Après cinq Premiers ministres, l'austérité, la crise du coût de la vie, un système de santé public à bout, les Tories se sont attirés tant de griefs des Britanniques qu'ils n'avaient plus qu'une ambition dans les derniers jours de la campagne : essayer d'empêcher que le Labour dispose d'une "super majorité".
Son arrivée à Downing Street serait celle d'un modéré, quand l'extrême droite frappe à la porte du pouvoir en France et quand se profile la possibilité d'un retour de Donald Trump à la Maison Blanche.
"Le changement. Aujourd'hui, vous pouvez voter pour", a écrit sur X Keir Starmer, entré en politique il y a seulement neuf ans.
Il a coché son bulletin de vote jeudi matin dans le nord de Londres, arrivant main dans la main avec son épouse Victoria.
Le Premier ministre conservateur Rishi Sunak a quant à lui voté en tout début de matinée dans sa circonscription du nord de l'Angleterre, avec sa femme Akshata Murty. Sur X, il a agité la menace d'impôts plus élevés "pour le reste de votre vie" à cause du Labour.
- "Tout a mal tourné" -
Les estimations sont attendues à la clôture des bureaux de vote à 22H00 (21H00 GMT), avant que les résultats ne s'égrènent jusqu'au petit matin.
"C'est le moment du changement, n'est-ce pas ?", lance Peter Warren, un responsable des ventes de 43 ans rencontré par l'AFP à la gare de Saint-Albans, en périphérie de la capitale britannique. "J'ai de l'espoir mais je ne suis pas sûr que les choses vont s'améliorer tant que ça", poursuit-il, traduisant la prudence de nombre de ses compatriotes à l'égard de l'alternance attendue.
Dans le sud de Londres, Mark Bevington, un comptable de 52 ans, voit d'un bon oeil cette perspective : "le fait qu'un nouveau gouvernement ait eu l'occasion de réfléchir, quand il était dans l'opposition, à ce qu'il voulait faire me semble sain".
De retour après avoir vécu en Australie, Ianthe Jacob, une écrivaine de 32 ans, juge que "tout a mal tourné" au Royaume-Uni, citant l'état du système public de santé et la manière dont sont traitées les personnes transgenres. "Comment est-ce qu'un pays développé a pu en arriver là ?", s'interroge-t-elle près de son bureau de vote dans l'est de la capitale.
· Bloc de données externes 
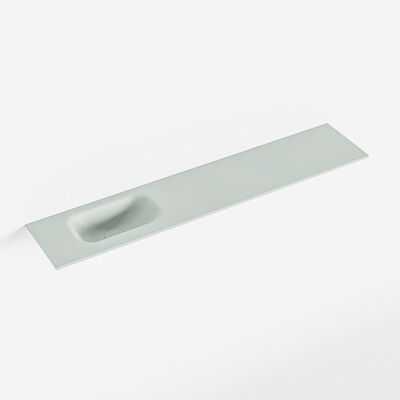 MONDIAZ EDEN Greey solid surface inleg wastafel voor toiletmeubel 110cm. Positie wasbak links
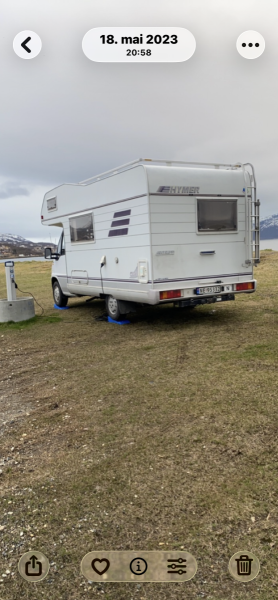 Fiat 1995 Wohnmobil - Tennevoll, Norwegen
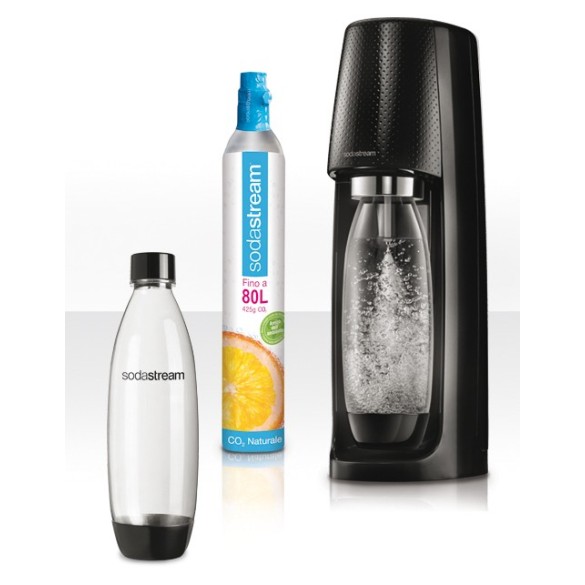 Gasatore Sodastream Spirit Nero + 2 Bottiglie My Only Bottle Omaggio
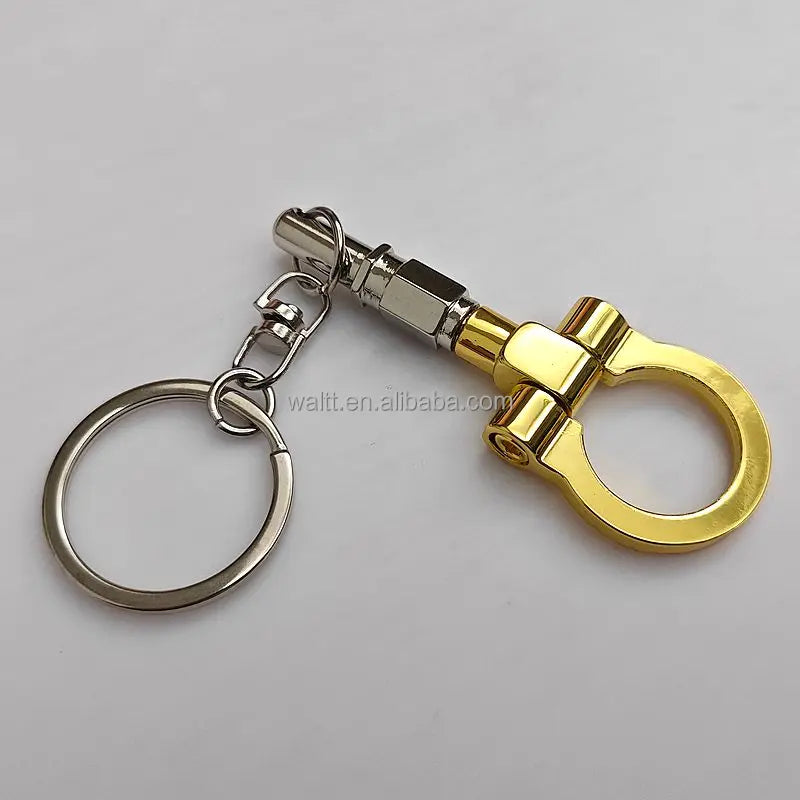 Custom Car Trailer Hook Keychain - Mini Simulation Metal Automotive Ornament/Pendant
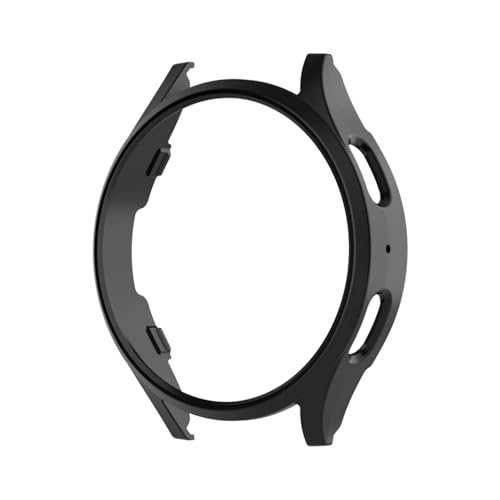 T Teclusive Protective Slim Bumper Case Compatible for Galaxy Watch 4 44mm | Curved Hard Shell Bumper Side Edge Protection Cover for Watch 4 4.4 cm (Black, 44mm) - Image 1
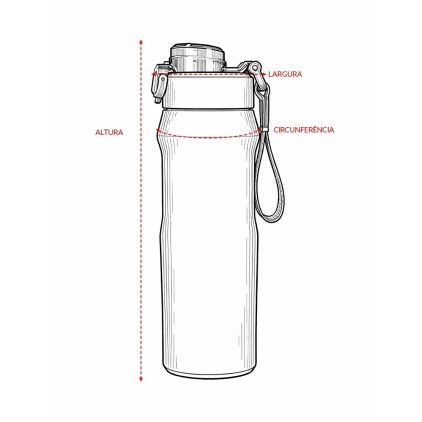 Garrafa Térmica 550ml em Inox SUS 304 Personalizada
Si l'issue de ces élections ne semble faire aucun doute, les questions demeurent autour de l'ampleur de la défaite des conservateurs, devancés d'une vingtaine de points depuis des mois dans les sondages, ou encore sur le score du parti anti-immigration Reform UK de l'ancien champion du Brexit Nigel Farage.
Selon la dernière étude de l'institut YouGov, le Labour obtiendrait 431 députés contre 102 pour les Tories - une majorité sans précédent depuis 1832. Les Libéraux-démocrates (centristes) remporteraient 78 sièges et Reform UK trois, permettant à Nigel Farage d'entrer dans la chambre basse du Parlement après sept échecs.
- Pluie et gaffes -
Pour Rishi Sunak, le cinquième Premier ministre conservateur depuis 2010, ces législatives qu'il avait annoncées sous la pluie fin mai, marquent la fin d'une campagne qui a tourné au calvaire.
Cet ancien banquier d'affaires et ministre des Finances de 44 ans a accumulé les bévues et semblé manquer de sens politique, écourtant sa présence aux célébrations du 80e anniversaire du Débarquement en Normandie et tardant à réagir aux soupçons de paris frauduleux dans son camp sur la date des élections.
En face, Keir Starmer a mis en avant ses origines modestes - mère infirmière et père outilleur - contrastant avec son adversaire multimillionnaire. Il a promis une gestion des dépenses publiques très rigoureuse, sans augmentation d'impôts pour la majorité des Britanniques.
Il compte sur une stabilité retrouvée, des interventions de l'Etat et des investissements dans les infrastructures pour relancer la croissance et redresser des services publics.
Il veut se montrer ferme sur les questions migratoires et se rapprocher de l'Union européenne - sans la rejoindre, tant les débats du Brexit ont fracturé le Royaume-Uni.
Sa prudence lui a permis d'engranger des soutiens dans les milieux d'affaires et une partie de la presse conservatrice tels que celui du tabloïd The Sun. Mais le prestigieux quotidien The Times (centre droit) a refusé, fait rarissime, de se prononcer.